Based on Table 5, generally, the maximum and average values of the PGA based on D-vine copula are greater than the original PGA values, especially for the last three areas farther from the epicenter. This indicates that ground motions in areas far from the epicenter are likely to be affected by ground motions in areas closer to the epicenter. In addition, modeling using the D-vine copula also provides a more varied PGA value indicated by a larger standard deviation value and a wider range of minimum and maximum values. After obtaining the original and D-vine copula-based PGA, we analyze the results of the empirical and parametric megathrust POE using original and D-vine copula-based PGA, respectively for the seven areas which are provided in Figs. 8 and 9.

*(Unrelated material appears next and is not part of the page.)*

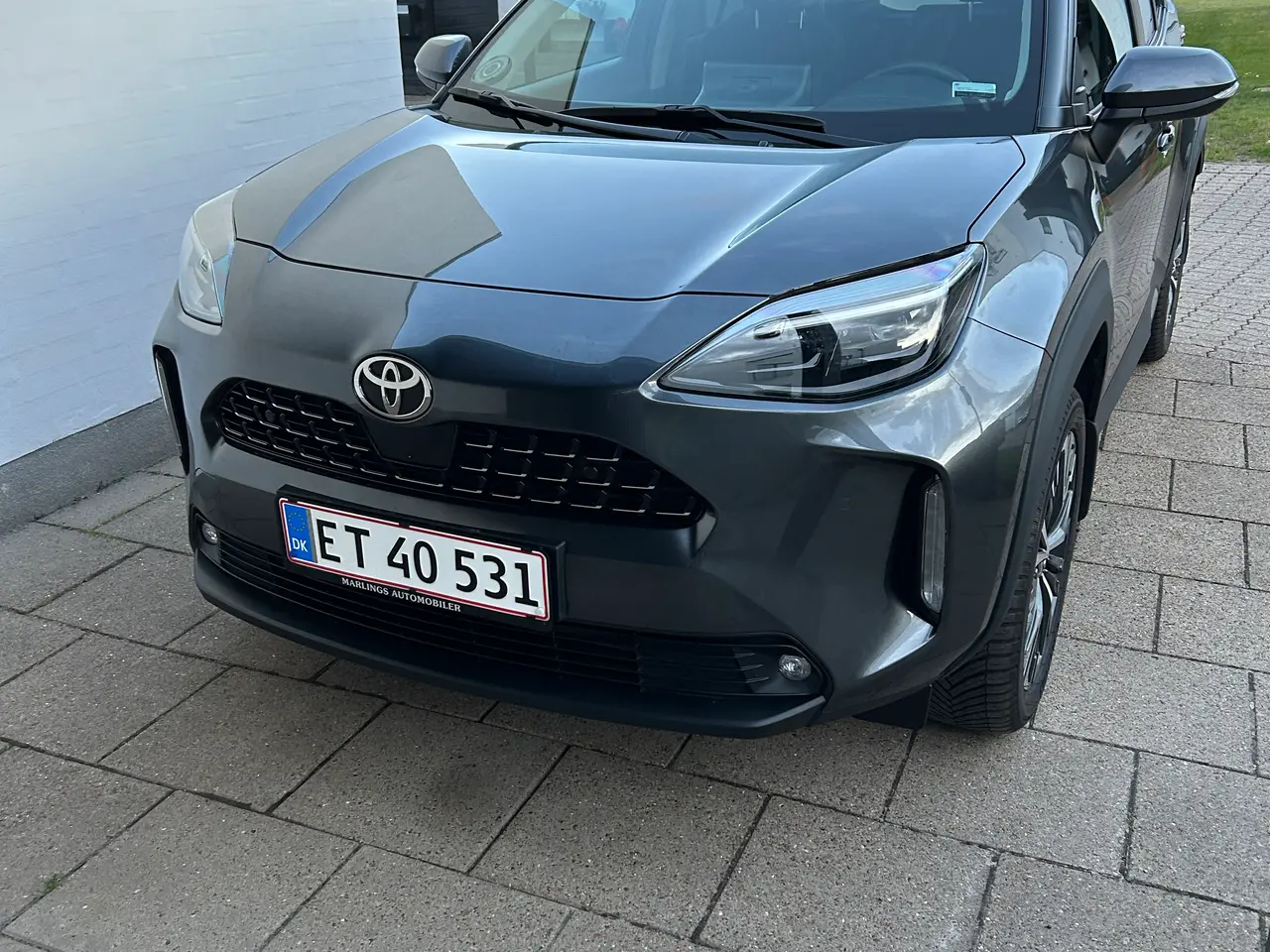 Billede 2 - Sælges-evt-Bytte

Based on the result provided in Figs. 8 and 9, the same POE value corresponds to different values for original and D-vine copula-based PGA. Both POE approaches indicate similar characteristics, which show that the farther an area is from the epicenter, the greater the influence of ground motions in surrounding areas that are located closer to the epicenter. Although the POE values are the same vertically, the PGAs are affected by area dependencies the further they are from the epicenter. As we can see from the graphs, East Jakarta is more affected by the dependencies of neighboring areas than Tangerang. If we take a closer look at the empirical and parametric megathrust POE values, especially in the three areas further from the epicenter, we can see that for the same POE values, the D-vine copula-based PGA has smaller values than the original PGA.

Discussion

Earthquake modeling through the calculation of the peak ground acceleration (PGA) has been carried out by embedding the assumption of dependency on events that cause ground motion for adjacent areas. Unlike the previous similar studies which assumed that the calculation of PGA is univariate because the occurrence of earthquake is independent of time and space domain (Kijko and Sellevoll 1989; Tavakoli and Ghafory-Ashtiany 1999; Ghodrati Amiri et al. 2003; Hamzehloo et al. 2012), we have proven that the occurrence of earthquakes impacting on PGA events to be dependent on the space domain. This is identical to the results of the study conducted by Cheng et al. (2020). Study shows that there are very strong dependencies between the geographically close areas, where dependency measures show a very strong dependency value between these regions, which is above 0.90. First, we obtained univariate PGA values from each study location in Banten Region from 60 epicenters. The results show that the PGA values due to these earthquakes is included in the moderate and strong vibrations, with very light and light potential damage (U.S. Geological Survey 2011). Next, the PGA values were checked for dependence and it was found that areas that were close to each other had a very strong correlation. These areas are Tangerang City, West Jakarta, South Tangerang, South Jakarta, North Jakarta, Central Jakarta, and East Jakarta.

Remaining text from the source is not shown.